Since Kafka usage is prolific, Confluent’s challenge and opportunity is to convert this installed base to the commercial version of Kafka that they provide. To justify the upgrade, the Confluent team has built additional, proprietary functionality around the core Kafka distribution. These address tricky problems in scalability, security, management and ease of integration with data producers and consumers.

These capabilities are only available to customers who subscribe to Confluent’s distribution. If the customer is self-hosted, they download and install the enhanced Confluent package onto their servers. If using Confluent Cloud, management is seamless as the Confluent team handles all operations for the customer. Of all open source software infrastructure options, I can tell you that Kafka is one of the most difficult to manage, requiring dedicated engineers well-versed in the nuances of running large data infrastructure at scale.

Besides Confluent, the hyperscalers offer hosted Kafka services. AWS has Amazon Managed Streaming for Apache Kafka (MSK), which is a fully managed, highly available Kafka implementation. AWS offers a separate proprietary product called Kinesis, that is a data streaming processing engine. This is not based on Kafka, but leverages many of the same concepts around the publish-subscribe pattern. Azure and GCP offer data streaming solutions, but also have strong partnerships with Confluent for managed Kafka.

Amongst the hyperscalers, Confluent Cloud distinguishes itself by offering more add-on services and broader availability than any of the cloud providers’ solutions. The hyperscaler products are usually just cloud-hosted versions of Kafka with a few extensions and integrations into their internal services.

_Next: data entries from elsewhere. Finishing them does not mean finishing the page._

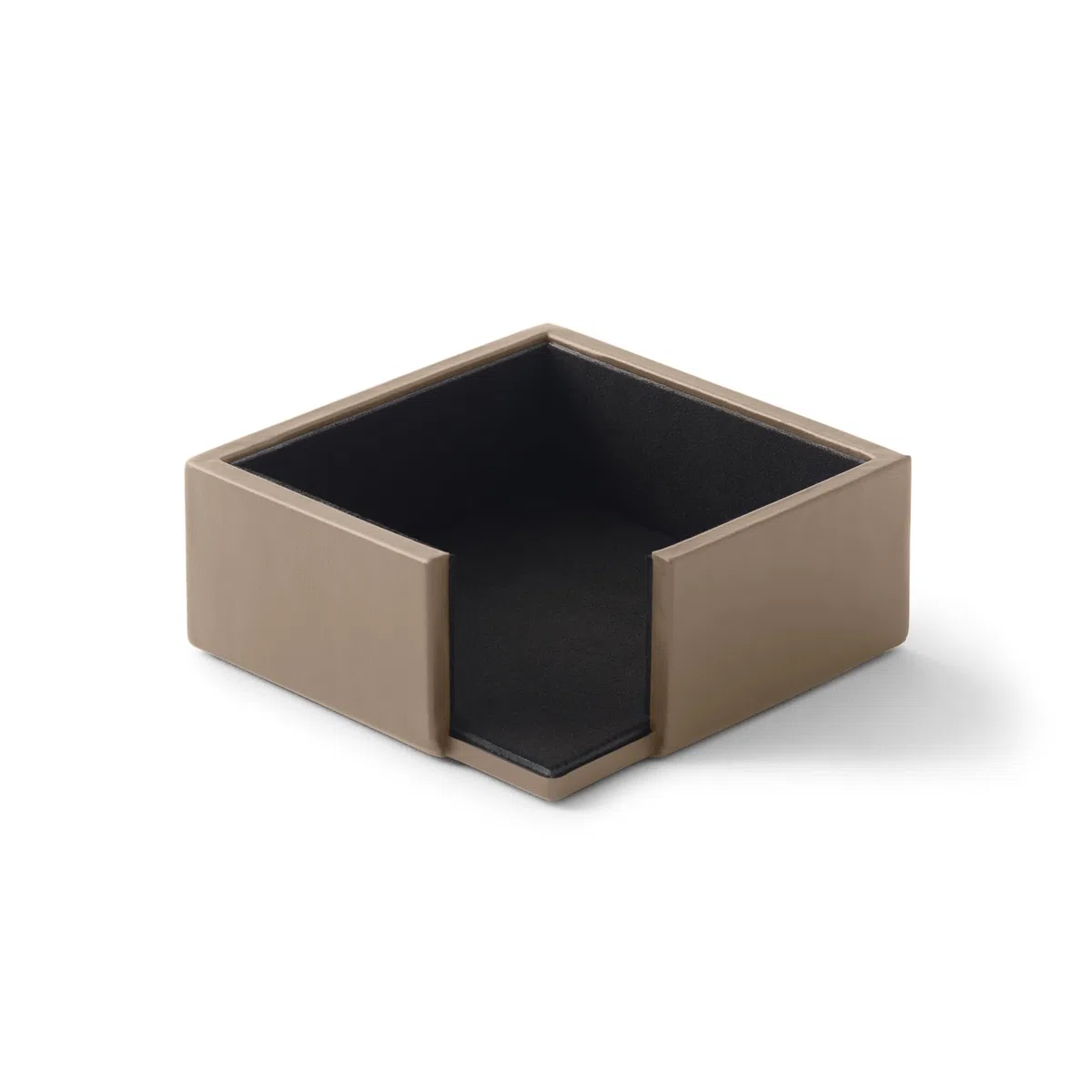 Eglooh - Minerva - Portamemo Quadrato in Cuoio Grigio Tortora - Porta Foglietti da Scrivania, Blocchi Note, Appunti - cm 11,2 x 11,2 x H.4,5 - Interamente Made in Italy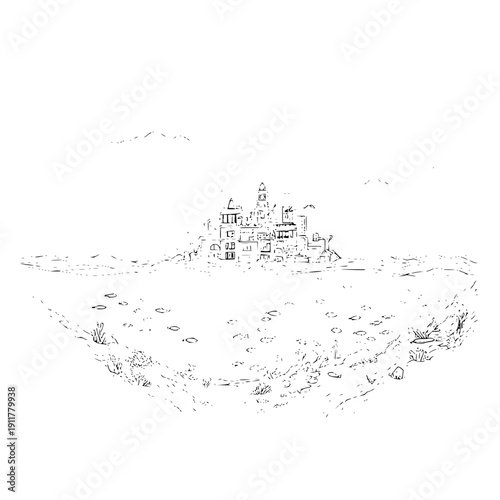 Black and White Castle on Cliffside with Ocean View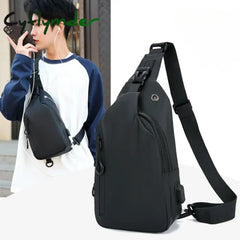 Cyflymder Men Bag Fashion New Solid Color Men Chest Bag Outdoor Casual Fashion One Shoulder Crossbody Bag Nylon USB
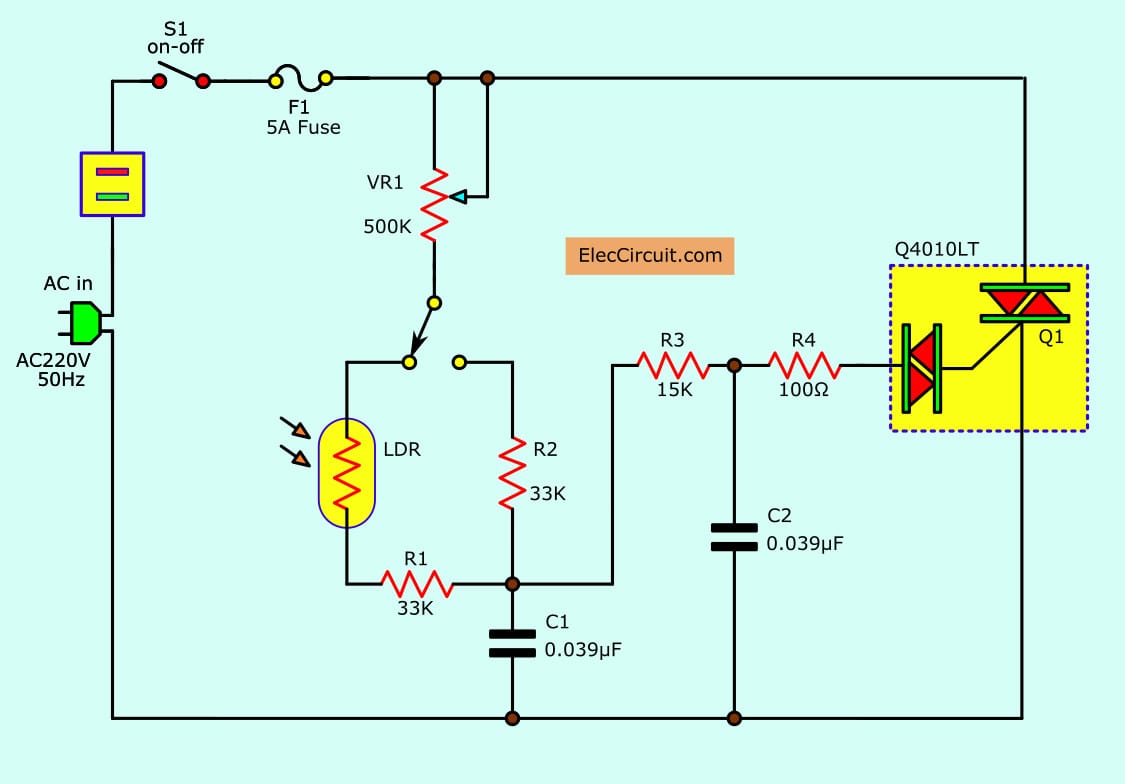 thyristor-based dimmer circuit schematic
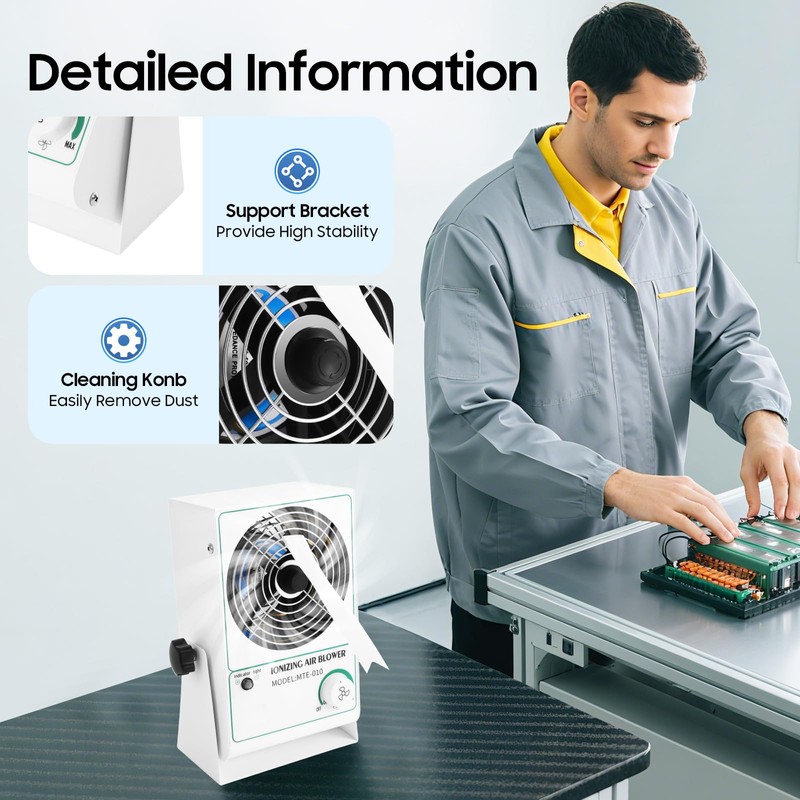LyeXD Ionizing Air Blower ESD Ionizer, 110V 2900rpm Adjustable Static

For customers with a multi-cloud deployment, being able to access the same Kafka installation across different cloud providers and on-premise systems represents a big advantage. This cross-cloud capability would be limited for any of the individual hyperscaler offerings, as the breadth of working connectors would always be lacking (even if they claim otherwise).

To attract these Kafka users to the Confluent offering, the product team emphasizes three categories of advantage:

  • Cloud Native. Kafka has been redesigned to run in the cloud. The Confluent Cloud solution comes with tools for DevOps, serverless configuration, unlimited storage capacity and high availability.
  • Complete. Confluent has added features in a number of areas that provide supplemental capabilities not available in open source Kafka. These are designed to appeal to developers, allowing them to reliably and securely build next generation applications more quickly. These include over 120 connectors to other popular systems, stream governance, enterprise security, monitoring, ksqlDB and stream processing. As mentioned, Apache Flink will soon be generally available to further enhance stream processing capabilities in the managed service.
  • Everywhere. Confluent Cloud is available on AWS, Azure and GCP. Confluent Platform is also available for customers that self-host their infrastructure. Cluster linking provides a bridge to connect instances across different cloud providers or to physical data centers. For any large enterprise with infrastructure that spans multiple cloud providers and their own self-hosted systems, Confluent provides the broadest reach of integrations. It would be risky for an organization to rely just on a hyperscaler solution for data streaming in the event they require working connectors to other cloud services.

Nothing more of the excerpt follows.